The research, by trade organisation RenewableUK, found that the total capacity ‘pipeline’ – projects that are operating, under construction or in planning – has grown to nearly 33GW.
The total figure is up by 3GW on last year. If every project in the pipeline goes ahead, the UK would hit 30GW by 2030 – more than double the current operational capacity of 13.9GW. The entire pipeline of 33GW could power more than 21m homes all year round, playing a significant role in decarbonising the grid.
The onshore pipeline is roughly half of the offshore pipeline, however, A government ban held back new onshore projects for much of the 2010s, and was only overturned last year.
Earlier this month, RenewableUK published a report showing that doubling onshore wind capacity could reduce consumer bills by £16.3bn over the decade, an annual saving of £25 for every household. It could also generate £45bn of economic activity and create 27,000 full-time jobs.

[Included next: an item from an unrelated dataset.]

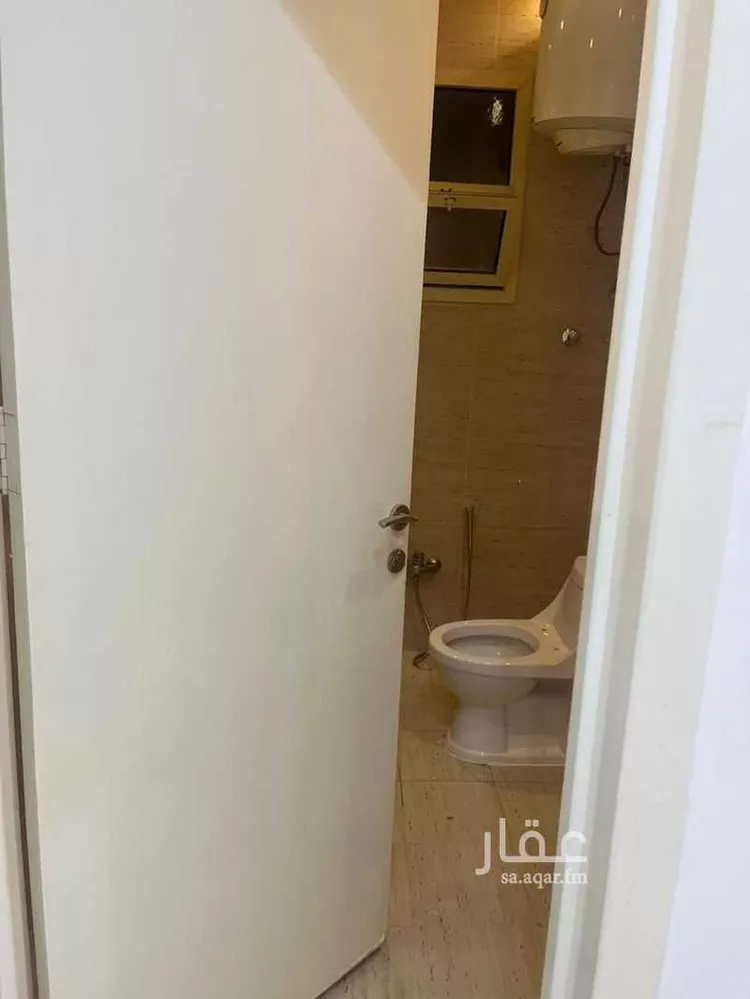 فيلا للبيع في شارع عبدالقادر السعدي, حي عكاظ, مدينة الرياض, منطقة الرياض 26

Despite the promising figures, the report found the UK is currently consenting less than half the annual capacity needed to reach the Climate Change Committee target of 35GW by 2035. Just over 600MW a year is being approved, much less than the 1,250MW needed to stay on course.
RenewableUK CEO Dan McGrail said: “The government’s new net zero strategy specifically calls for more onshore wind to be installed in the 2020s and beyond, to help to enable the UK to be powered entirely by clean electricity by 2035.
“As our latest Onshore Wind Project Intelligence report shows, we have a pipeline of projects which can help the UK to reach net zero as fast as possible – and at the lowest cost to consumers, as this is one of the cheapest ways to generate new power.
“But to achieve this we need planning systems in place in all four UK nations which reflect the consistently high level of public support for this technology, and allow projects to go ahead where they have a majority of local support. This must include encouraging the repowering of older onshore wind projects as they reach the end of their lifespan with taller, even more efficient turbines. At the moment, less than half the annual onshore wind capacity we need to stay on track to meet our climate change targets is being consented.
“In December, onshore wind will be competing for contracts to generate clean power for the first time in five years. To maximise job creation and investment, we need to move from holding auctions every two years to annual auctions, framed by a government target to 30GW of onshore wind by 2030. Doing this would show great leadership in tackling climate change at a time when the UK has an unprecedented international platform at Cop26”.